## [Source data]
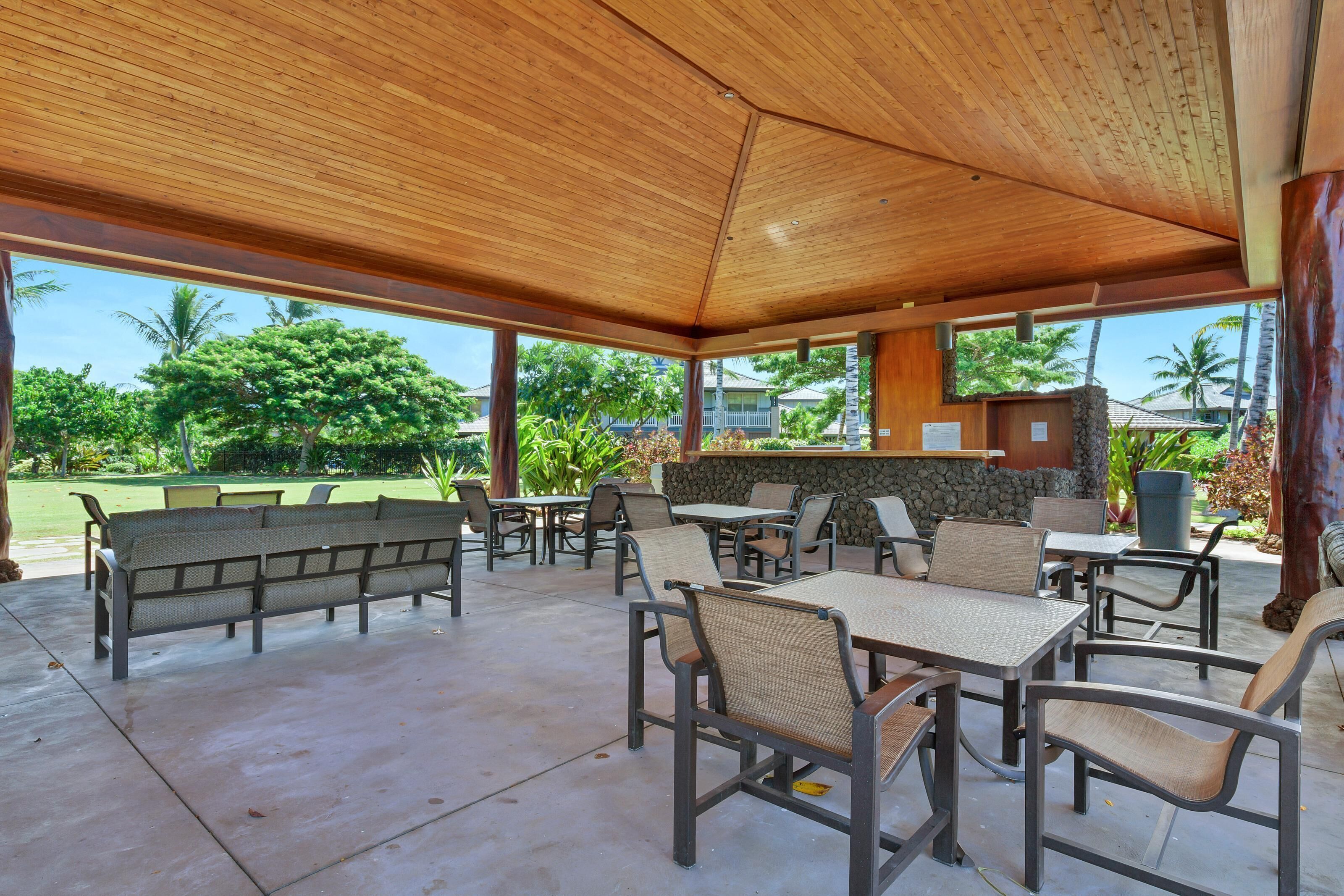 An outdoor covered patio with seating and tables, a stone wall, and a view of greenery and buildings.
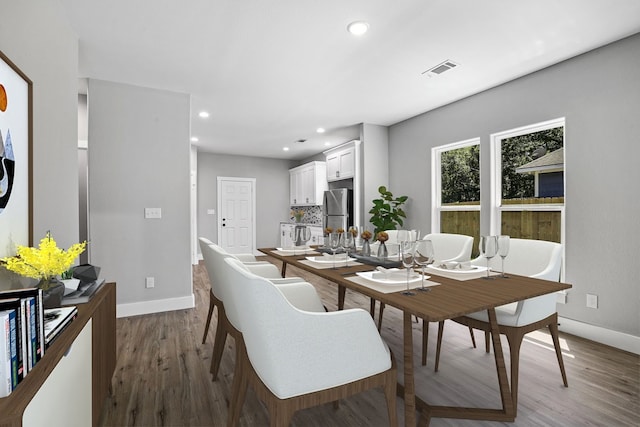 dining space featuring hardwood / wood-style flooring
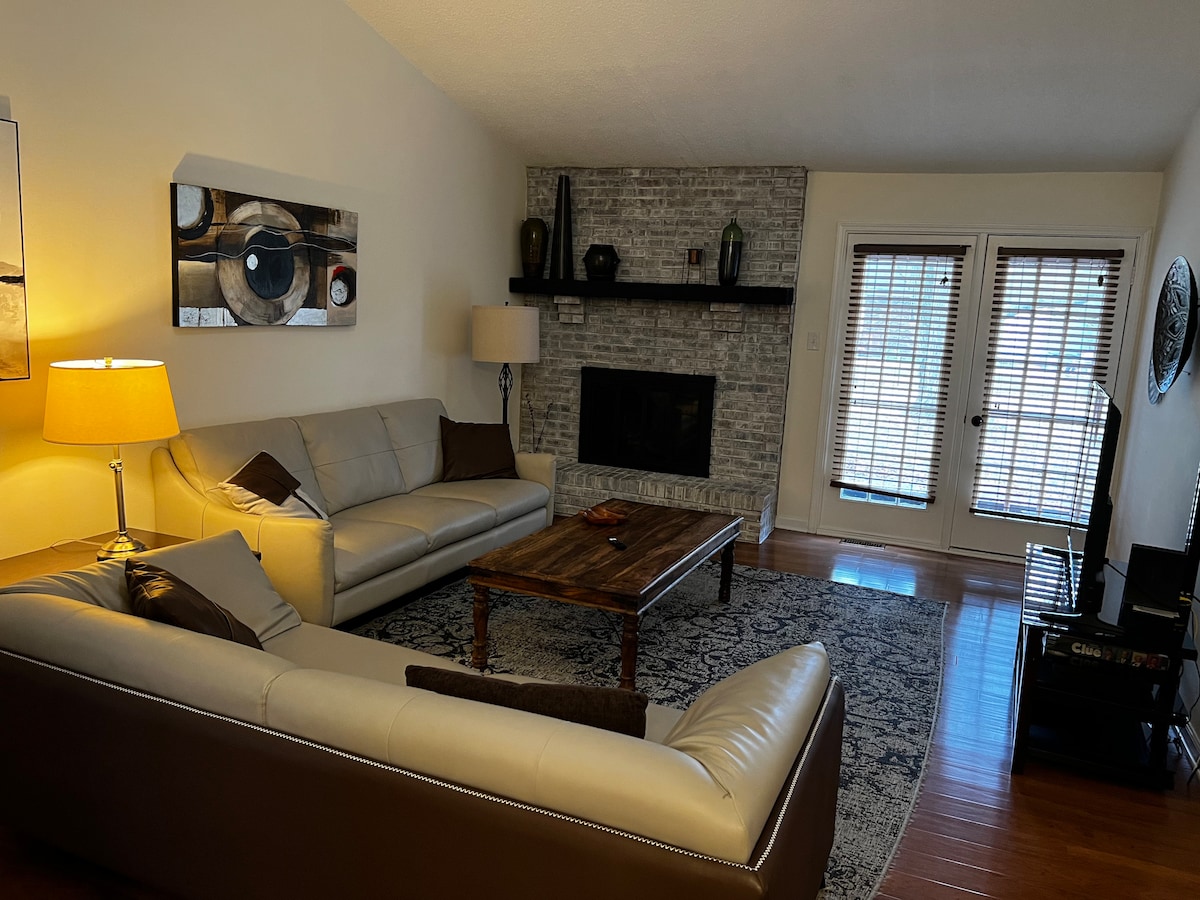The spacious living room features a combination of leather couches positioned around a wooden coffee table. A cozy rug lies beneath them. A fireplace is set into a brick wall, and large glass doors lead to an outdoor deck, allowing natural light to enter the space.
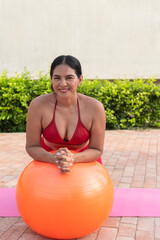 Latin woman doing pilates exercises with swiss ball outdoors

## [What needs to be done]
All of the listing is to be written out exactly, with the pictures left out.

## [Answer to the problem]
 An outdoor covered patio with seating and tables, a stone wall, and a view of greenery and buildings.
 dining space featuring hardwood / wood-style flooring
The spacious living room features a combination of leather couches positioned around a wooden coffee table. A cozy rug lies beneath them. A fireplace is set into a brick wall, and large glass doors lead to an outdoor deck, allowing natural light to enter the space.
 Latin woman doing pilates exercises with swiss ball outdoors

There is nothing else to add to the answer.